Larry Tesler? Went to Apple. Charles Simonyi headed to Microsoft. Became known as the “father of Office software.” Took “what you see is what you get” (WYSIWYG) word processing with him. Bill Joy helped start Sun Microsystems. Robert Metcalfe, the Ethernet guy, founded 3Com. John Warnock and Charles Geschke? Started Adobe. Brought laser printing to everyone. Every single departure chipped away at Xerox’s goldmine of ideas.
All that human smarts? That was the real treasure. Xerox was bleeding brilliance.
The Xerox PARC story really shows us the difference between just inventing stuff and actually getting it to market. Vision and market strategy are just as key as discovery
Did Xerox try to sell some PARC tech? Yeah, eventually. Their Xerox Star Information System. Came out in 1981. Technically better than the Mac. Networking! High-res screen! But it came with a crazy price: $16,595. Luxury for huge corporations. Not for average folks.
Meanwhile, Apple’s Macintosh. Debuted at $2,495 in ’84. Xerox’s pricing strategy? Fatal flaw. Proved vision and marketing are just as important as pure invention. Engineers built perfection. Marketing missed reality. The Star flopped. Xerox kept using copier money to fund computer stuff. But leadership? Scared of the risk.
Those legal fights over who owned the GUI? Apple vs. Microsoft. They set the rules for general interface ideas in tech
The GUI drama didn’t end with the Mac. Bill Gates. Seemingly Apple’s best buddy. Unveiled Windows 1.0 in November 1983. Jobs called it a betrayal. Apple had given Microsoft early access to the Mac for software. Gates used it. Built his own graphical interface for IBM PCs.
Jobs famously got in Gates’s face. “I’ll kill you! You’re stealing from us!” Gates, super calm: “Well, Steve, I think there’s more than one way of looking at this. I think we both had a rich neighbor named Xerox and we both broke into his house to steal the TV set.” ZING!
That tension just simmered. Then blew up into a big 1988 lawsuit. Apple sued Microsoft over Windows’s “look and feel.” Years later? Apple lost. The court said GUI ideas came from Xerox. Apple didn’t own a monopoly on them. Judge Walker stated: interface bits like windows, menus, icons? General concepts. Not someone’s exclusive stuff.

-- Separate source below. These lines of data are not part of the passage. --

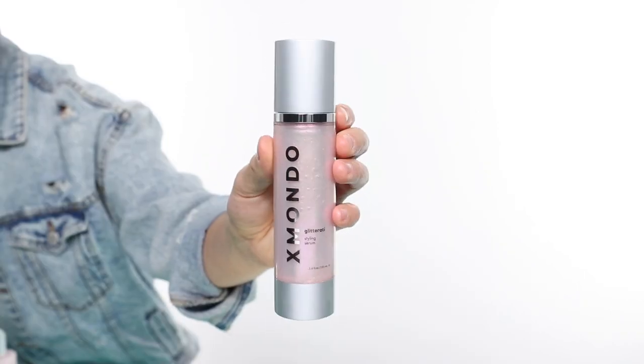Hi beautiful, this is Glitterati, our styling serum. Glitterati will deliver hold, shine, and lightweight hydration, combined with the most beautiful touch of pink sparkle. Who doesn't love a little pink sparkle in their life and in their hair?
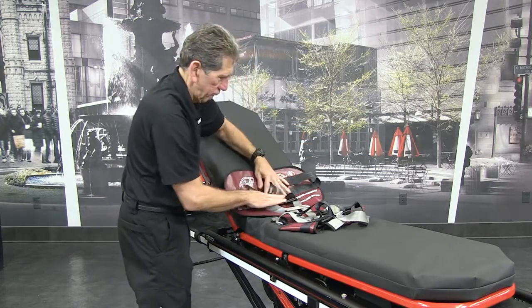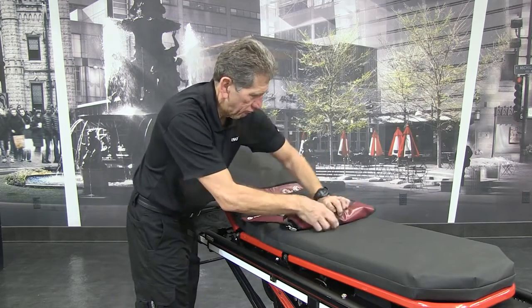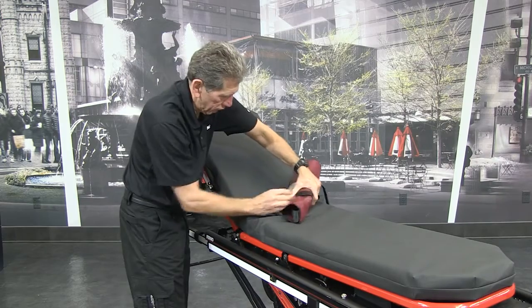Beginning at the crotch panel, fold the PDMATE upward. Secure the roll with the Velcro straps.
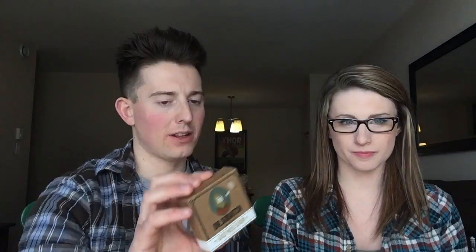The first one we're going to look at today is the Gold Moss Scrub. What do we think of this, Steph? Right away I like the packaging — it's very cute. Simple and effective.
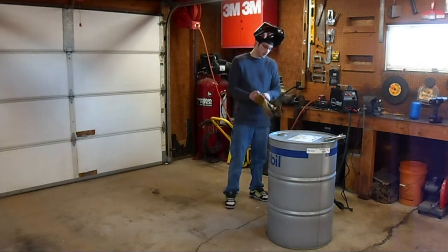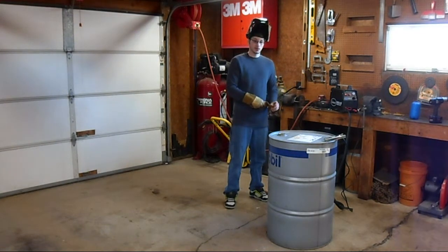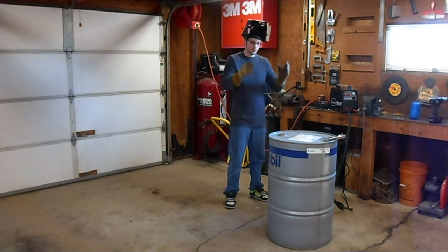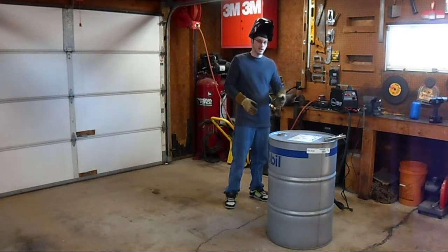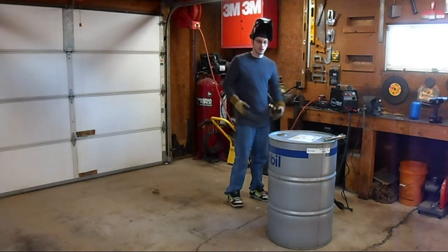Hey everybody, today I am going to try out my new plasma cutter, and I'm also going to make a catch container for all the slag and waste metal coming off of metal pieces I cut.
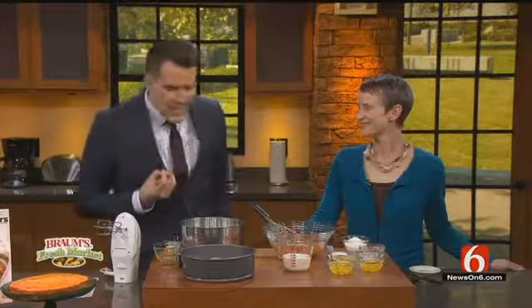Angela is here from Weight Watchers with a recipe for pumpkin swirl cheesecake. Angela, some advice for Thanksgiving — biggest day of the year. My biggest advice for you, Dave: portion control.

This decision totally shaped Silicon Valley. Said: patent specific implementations, sure. But the ideas behind an interface? Fair game. Xerox? Pretty much sidelined. Just watched other companies make money from their inventions. They paid the price for not protecting what they made. Or, more accurately, for not realizing what they even had.

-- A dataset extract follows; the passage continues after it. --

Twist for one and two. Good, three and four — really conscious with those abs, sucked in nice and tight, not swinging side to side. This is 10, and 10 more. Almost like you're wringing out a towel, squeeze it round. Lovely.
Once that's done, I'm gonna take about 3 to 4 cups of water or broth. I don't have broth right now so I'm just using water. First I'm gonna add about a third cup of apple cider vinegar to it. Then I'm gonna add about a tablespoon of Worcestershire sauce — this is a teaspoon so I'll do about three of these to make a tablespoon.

Today, Xerox PARC is still around as PARC Inc. An independent company. Focuses on licensing what they have. Not on revolutionary visions anymore. But its legacy? Everywhere. That touchscreen on your phone. Your office laser printer. The network connecting devices. Object-oriented software you use every day. All that core tech? Came from that unassuming Palo Alto building. Just a strong reminder: sometimes, the greatest treasures are right under your nose. Waiting for someone else to see their worth and just go for it.
Quick Q&A
When did Xerox PARC start?
Xerox PARC kicked off in 1970 in Palo Alto, California. A research center for advanced computing tech.
What cool stuff came from Xerox PARC?
Big inventions! The graphical user interface (GUI), the computer mouse, Ethernet for networks, and object-oriented programming (Smalltalk).
How much did an original Xerox Alto computer cost?
Around $10,000 to make back in 1973. Xerox management thought it was too pricey for normal sales. Way too much.